寒い日が続き、「居場所ハウス」では薪ストーブが活躍しています。暖を取るため薪ストーブの周りは自然と人が集まり、そこから会話も生まれてきます。
何もないところでぼんやり立っていたり、座っていると、「あの人、あんなところで何してるんだろう?」という目で見られるかもしれませんが、薪ストーブでは薪ストーブで暖を取ることができますし、また、薪ストーブに火をくべたり、上にかけているヤカンの水が減ってないか確認したり、囲いの柵に布巾を干したり… 薪ストーブの周りにいると手持ち無沙汰になることも少ないように思います。薪ストーブは、このように周りに居ることに名分を与えてくれるので、結果として、周りに人を集め、そこから会話が生まれてくる。まるで、人と人との関係を薪ストーブが媒介しているかのようです。
今年の春、Hさんがクルミを割る方法を教えてくださいました。クルミを10〜15分くらい煎ると、クルミの先が少し開くので、そこに包丁を入れて2つに割るという方法です。この日も、Hさんが家からフライパンを持参し、クルミを割るところを見せてくださいました。最近のガスコンロは鍋底の温度を感知して、火が弱まる仕組みになっています。それだを、クルミを煎り続けることはできません。だから、ガスコンロより薪ストーブがよく、また、テフロン加工のフライパンは傷んでしまうため、昔ながらの鉄のフライパンがよいのだとのこと。Hさんは、わざわざ鉄製のフライパンを取り寄せて購入したとのこと。Hさんが煎って先が割れたクルミを、Tさんが包丁で2つに割っていきました。50個ほどのクルミは20分ほどで2つに割り終えました。

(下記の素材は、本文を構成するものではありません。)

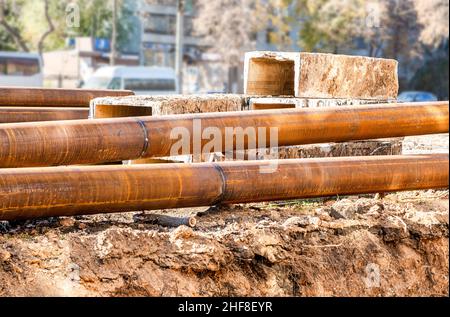 Bauarbeiten an großen Eisenrohren am ausgegrabenen Graben. Austausch von Heizungsrohren in der Stadt Stockfoto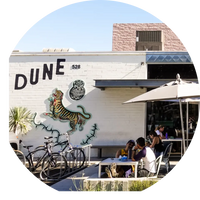 People sitting outside a building with 'DUNE' and a tiger mural on the wall.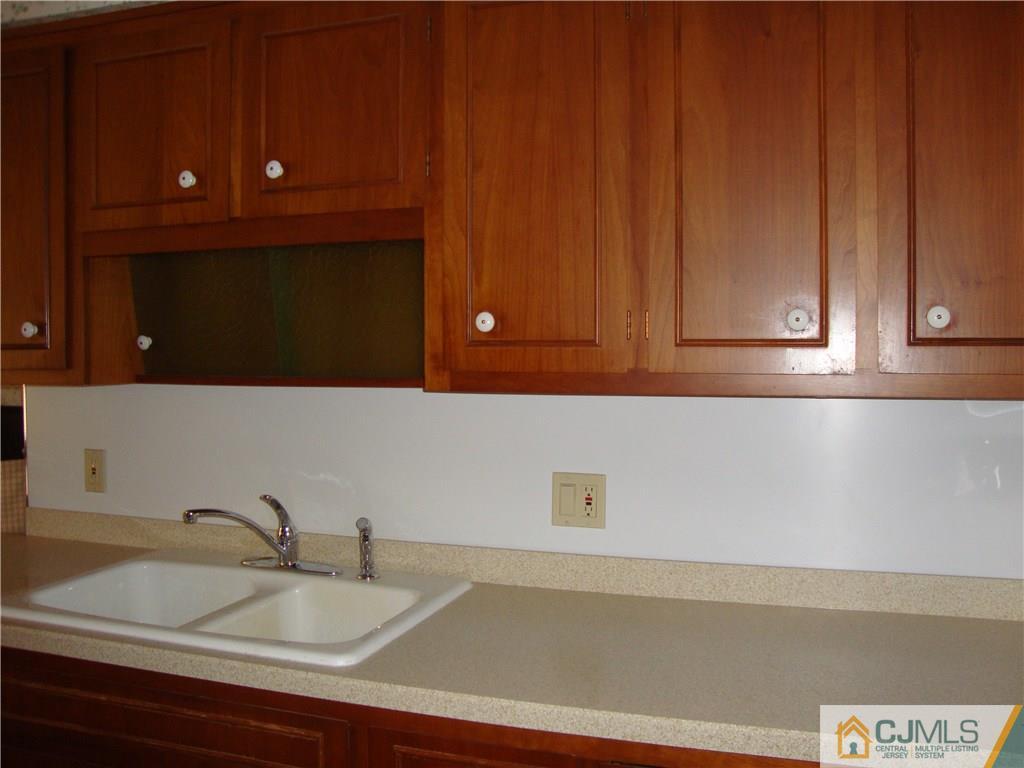 231 Davidson's Mill Road North Brunswick, NJ 08902 - Photo 3 of 17 a bathroom with a sink and cabinets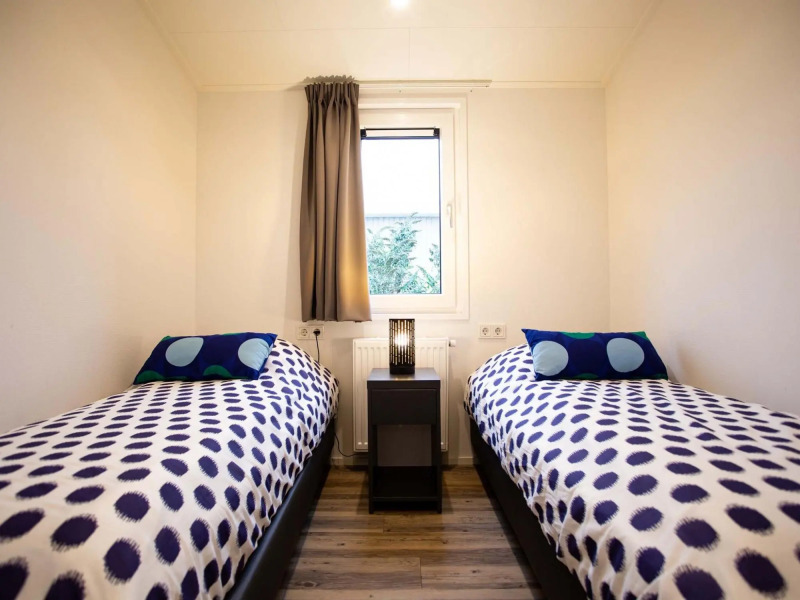 Modern chalet with outdoor sauna and spa, on a holiday park, Hoorn at 8 km.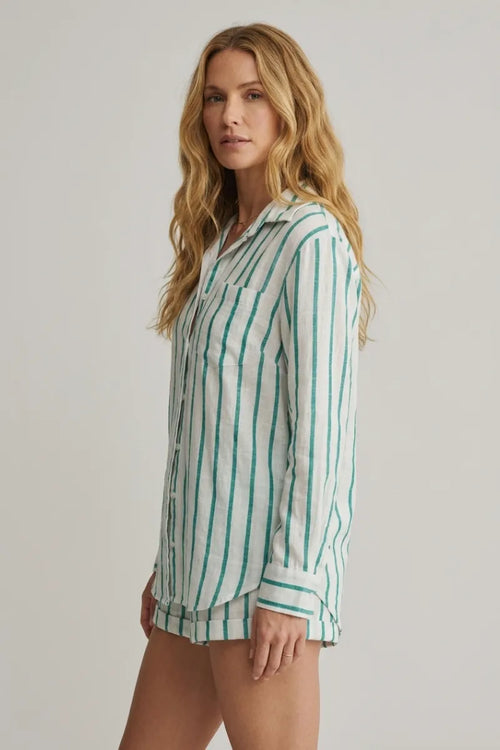 A woman wearing a white and green vertically striped long-sleeved saturdays stripe button down shirt with rolled cuffs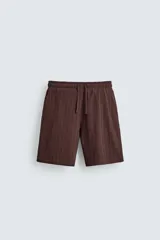 Bermuda de corte relajado color marrón oscuro, confeccionada en tejido jacquard con textura acanalada vertical. Presenta cintura elástica ajustable con cordón, bolsillos delanteros y un bolsillo trasero de plastrón.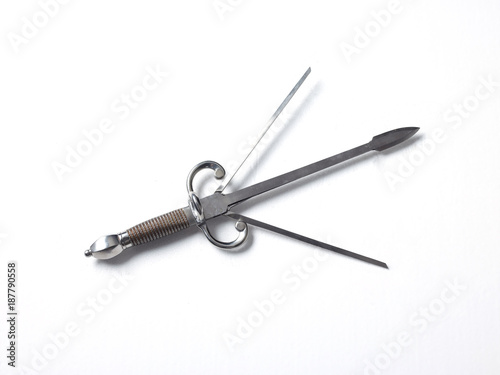 Silver colour three pronged dagger, white background  photo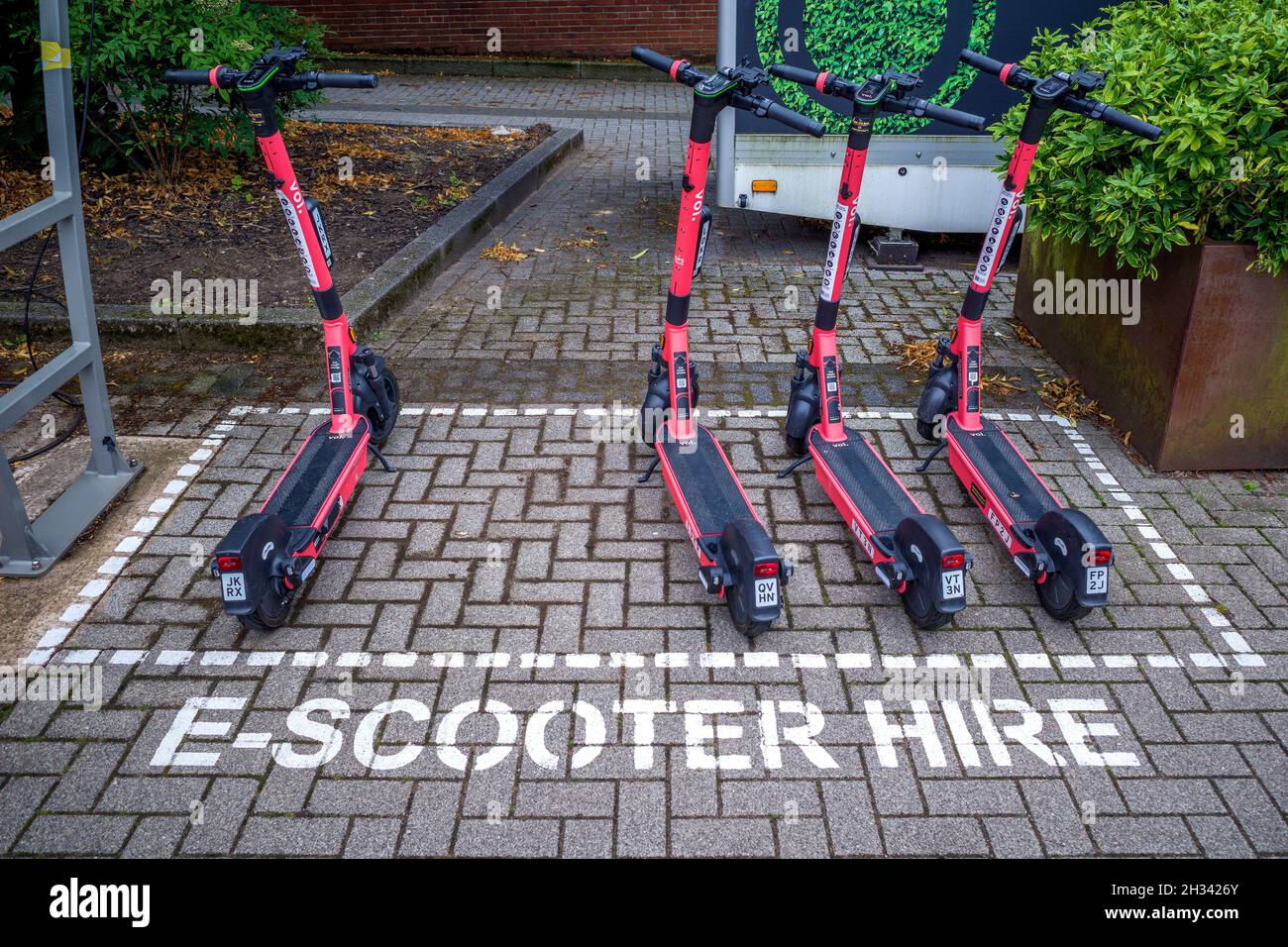 E-Scooter parkten auf einem ausgewiesenen Parkplatz, während sie auf ihre nächste Miete warteten. Stockfoto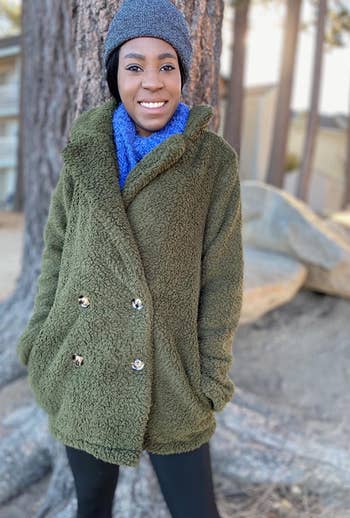 different reviewer wearing the green teddy coat buttoned up with a scarf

クルミを煎って割る方法を知らなかったという方からは、握って殻をくだく機械は持ってるけどなかなか大変で… と話されていました。クルミをもらっても割るのが面倒だから、食べずに他の人にあげてしまうという方も。その話を聞いて、「家にあるクルミ持ってきたら、やってあげるよ」とHさん。
ささやかなことかもしれませんが、クルミを簡単に割る方法という暮らしの知恵を、居合わせた人同士で教え/教えられるという学びが生まれていること。今年の春、Hさんがクルミ割りの方法を教えてくださった時にも感じましたが、「居場所ハウス」はそれぞれの人が身につけた暮らしの知恵が、日々の運営を通して学び合えるような場所であり続けて欲しいと思います。
エアコンで暖房をして、ガスコンロしかない場所だとHさんはクルミ割りをしようと思わなかったかもしれません。薪ストーブという昔ながらの生活の道具が、学び合いを媒介しているとすれば、「居場所ハウス」が古民家を移築・再生した空間になっていることの意味があるのだと思います。